There is an uptick in bike share use in the summer: 49% of casual use was in the summer, compared to 38% of member use (#4).
The monthly use pattern supports the seasonal variation in bike share use, with highest use in June, July, August for casual users. Member use shows a wider peak, with greater use in June, July, August, September (#5).
Daily patterns indicate a preference for weekend use by casual users, as opposed to a preference for weekday use by members (#6).
Hourly use patterns indicate that casual users prefer to use bike shares later in the day in the late morning to early evening. In countrast, members indicate peaks in use during the morning and late afternoon-early evening rush hours (#7).
The most popular ride duration for both casual users and members were between 6 to 20 minutes. In addition, there was a high percentage of short-duration use among members (30% for members compared to 14% for casuals), which lasted 1 - 5 minutes (#8).
A higher percentage of casual bikers compared to members also used the bike shares between 21 - 240 minutes (#8).
The daily preferences of casual users and members were consistent throughout the seasons, as indicated by the similarities in distributions (#9).
The hourly preferences of casual users and members were also consistent throughout the seasons, on weekedays (#10). On weekends, the preference of using the bike shares later in the day was observed for both members and users. Moreover, on weekends in summer, and Saturdays in spring - casual users outnumbered member bike share users.

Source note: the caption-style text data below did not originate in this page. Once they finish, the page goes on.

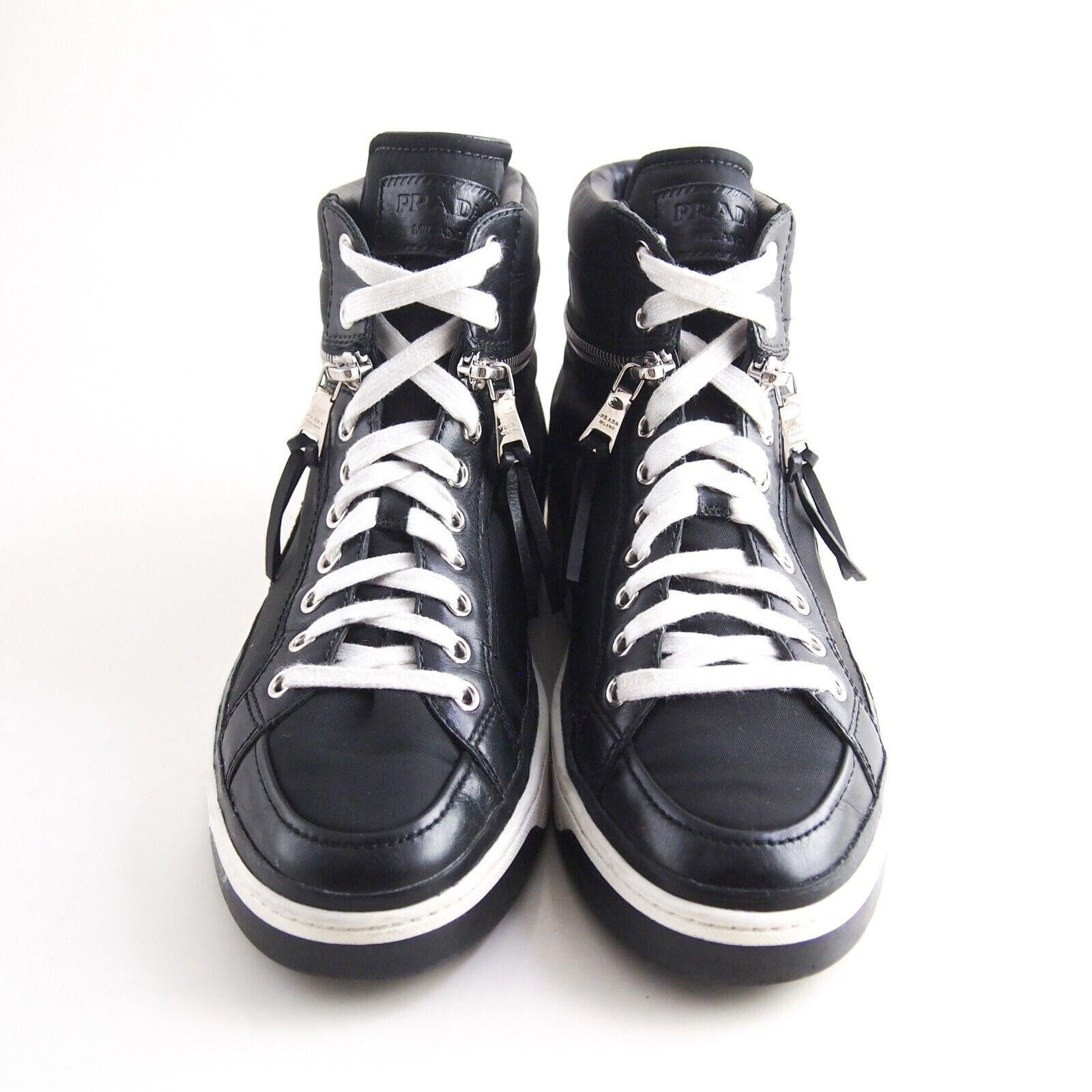 Prada Prada High Sneakers Black Leather Nylon Size US 10.5 EU 40.5 Size US 10.5 / IT 40.5 - 3 Thumbnail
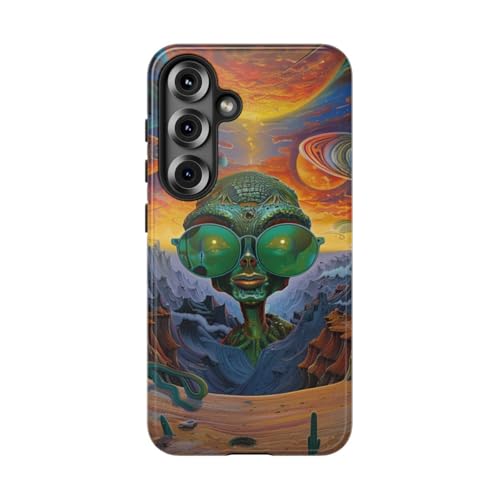 Cadeau Idéal Coque Rigide Brillante Alien Psychédélique Samsung S25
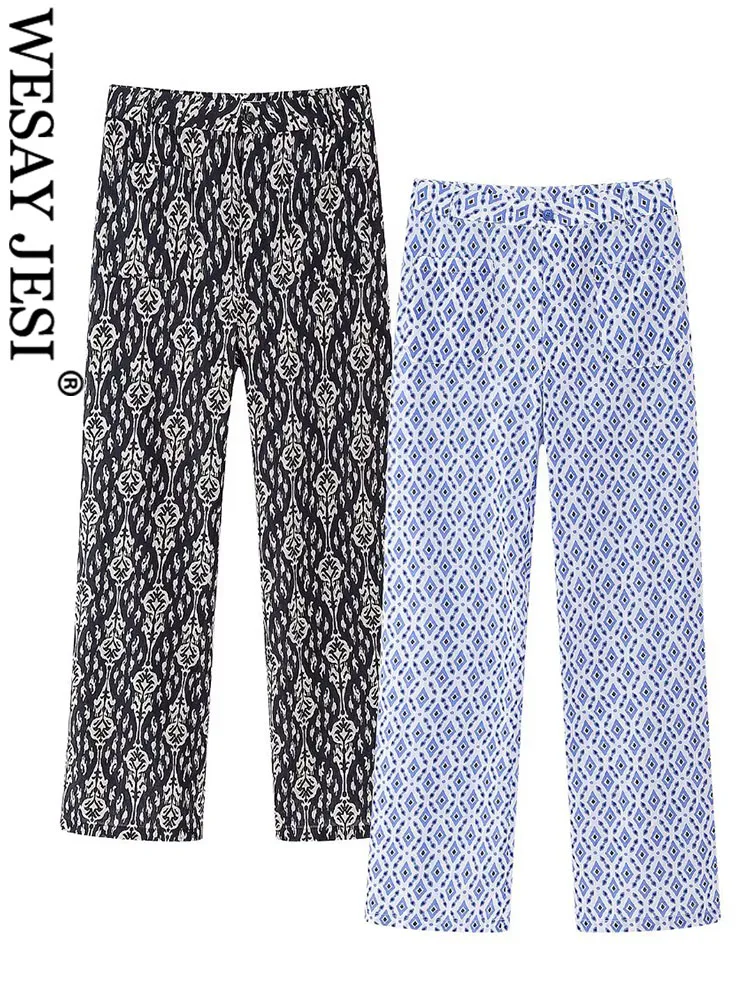 WESAY JESI TRAF Printed Women Straight Pants Casual Zipper Y2K High Waisted Pockets Full Length Lightweight Female Chic Trousers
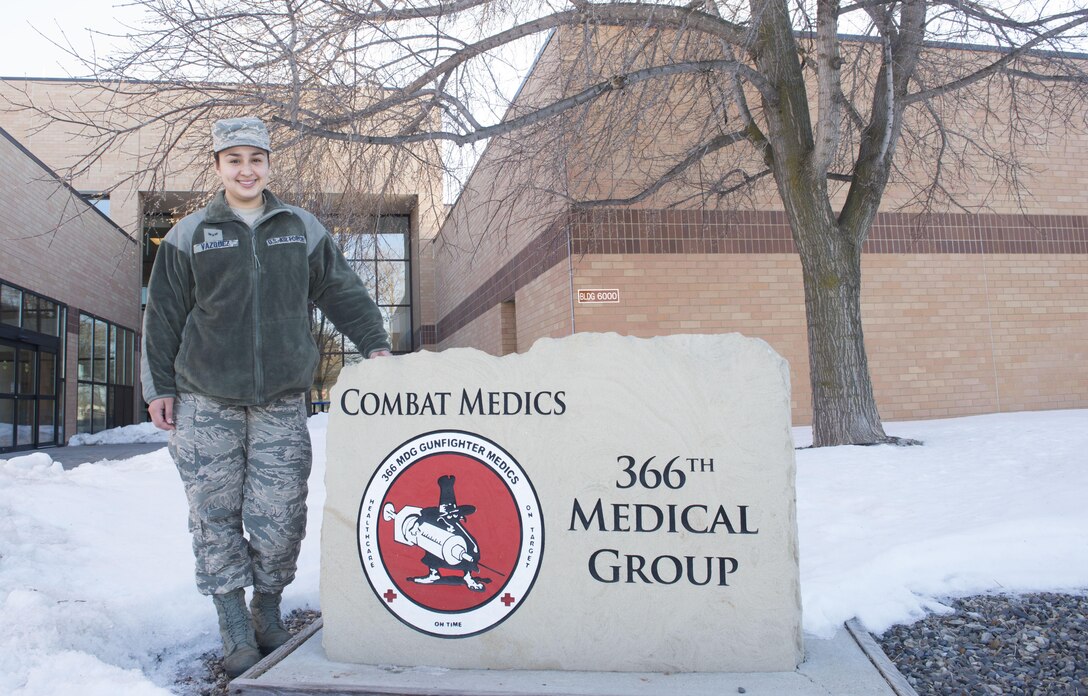 Airman 1st Class Karla Vasquez, 366 Medical Support Squadron health service management technitian, poses for a photo at her work center January 12, 2016, at Mountain Home Air Force Base, Idaho. Vasquez obtained her U.S. cizitenship February 2016. (U.S. Air Force photo by Senior Airman Malissa Lott/Released)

The duration preference overall patterns were consistent with patterns on weekdays (#11). However, on weekends, particularly in the summer - members are less likely to take short-duration trips; and more casual users used the bikes for 11 - 60 minutes than on the weekdays.
Both members and casual users seem to use the bike share service for recreational purposes on weekends, in the summer, in the late morning - early evening. The additional popularity of longer ride duration among casual users suggests that in addition to being mindful of aspects surrounding recreational use, comfort and physical accessability may become important to this group.
A limitation of this analysis is that over 20% of rows were dropped because of missing start/end station names and/or IDs - as discussed in the cleaning exercise notebook. Further investigation is needed to determine whether the decisions made during the cleaning process were appropriate.
It is also assumed that the patterns in this 400K row slice of the larger data-set is representative of the whole. The percent distribution between users, across the temporal variables agreed to within 0.1% (data not shown).